- [What you should do]
Begin at the line with "舞茸、松茸、香茸などだそうで" and output every line through the end of the records, exactly as given. Omit pictures.

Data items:
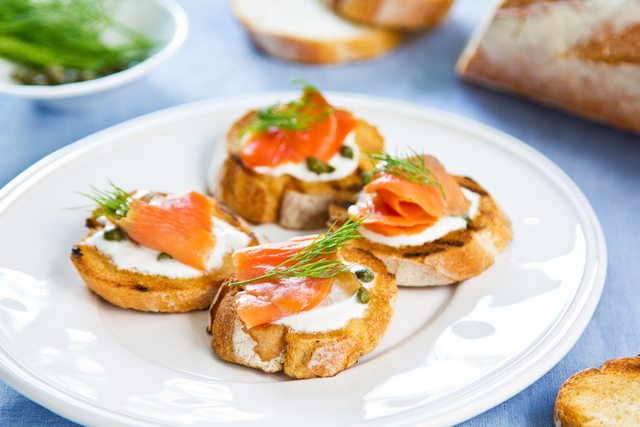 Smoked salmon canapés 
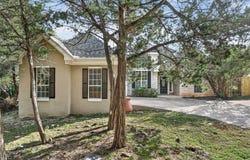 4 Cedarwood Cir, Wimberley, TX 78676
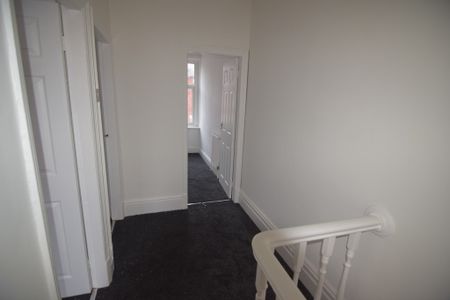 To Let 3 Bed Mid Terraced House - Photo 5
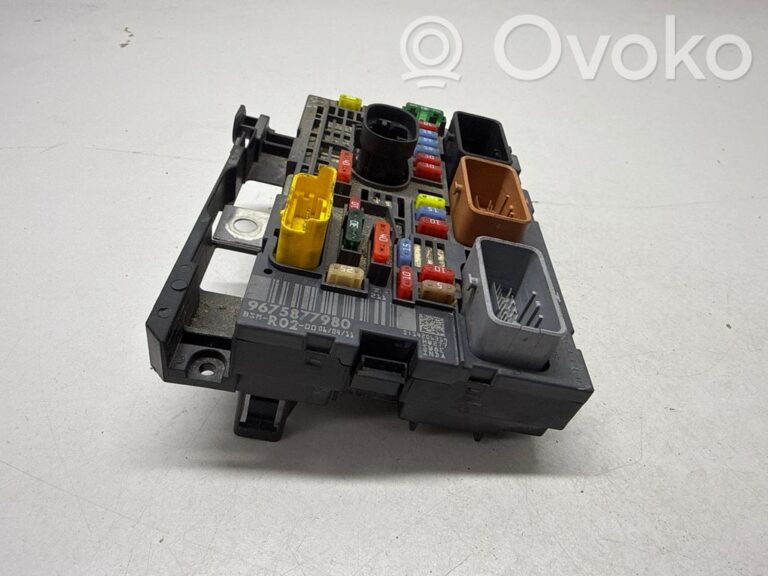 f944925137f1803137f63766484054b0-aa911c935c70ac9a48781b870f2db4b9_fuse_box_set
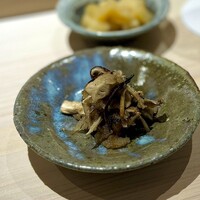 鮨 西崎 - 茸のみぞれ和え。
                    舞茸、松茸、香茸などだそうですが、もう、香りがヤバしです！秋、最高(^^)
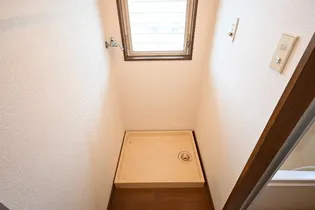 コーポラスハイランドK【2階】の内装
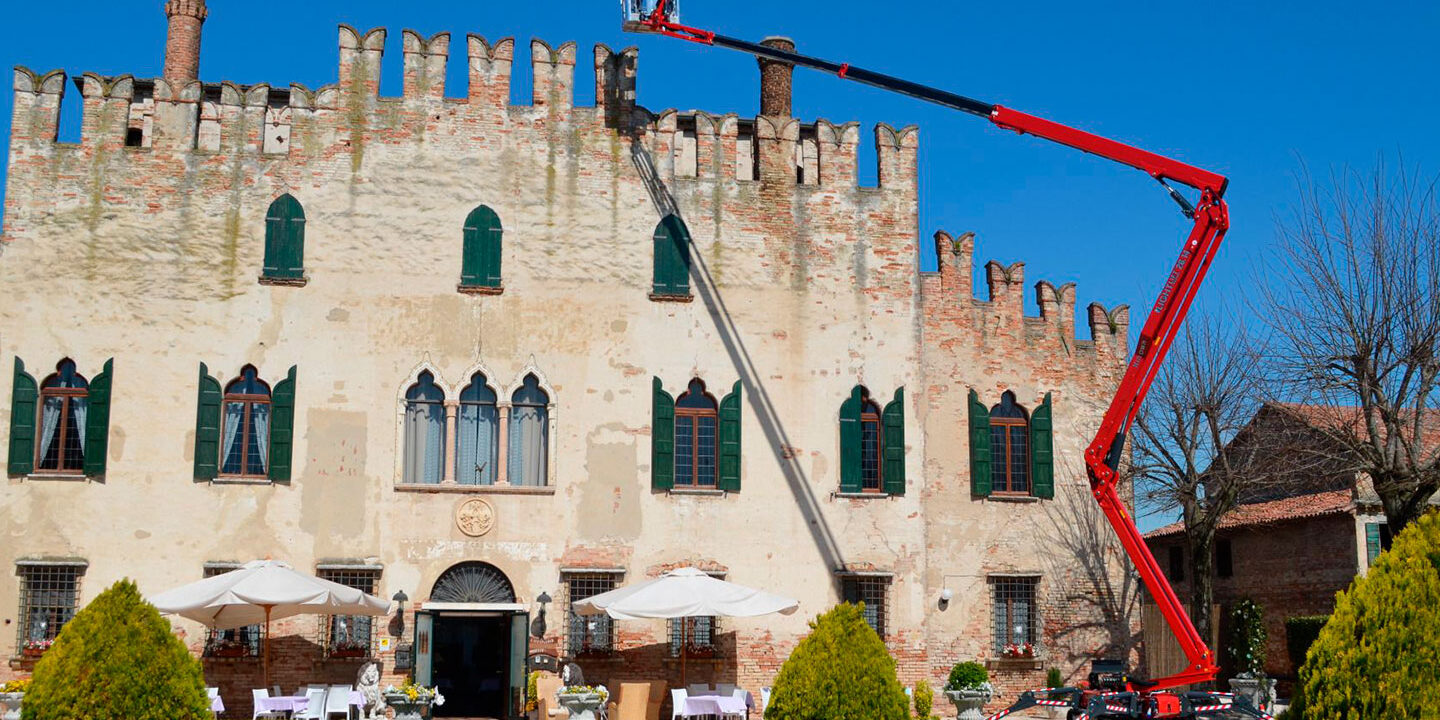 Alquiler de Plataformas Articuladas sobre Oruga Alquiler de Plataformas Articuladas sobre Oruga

- [Solution to this task]
                    舞茸、松茸、香茸などだそうですが、もう、香りがヤバしです！秋、最高(^^)
 コーポラスハイランドK【2階】の内装
 Alquiler de Plataformas Articuladas sobre Oruga Alquiler de Plataformas Articuladas sobre Oruga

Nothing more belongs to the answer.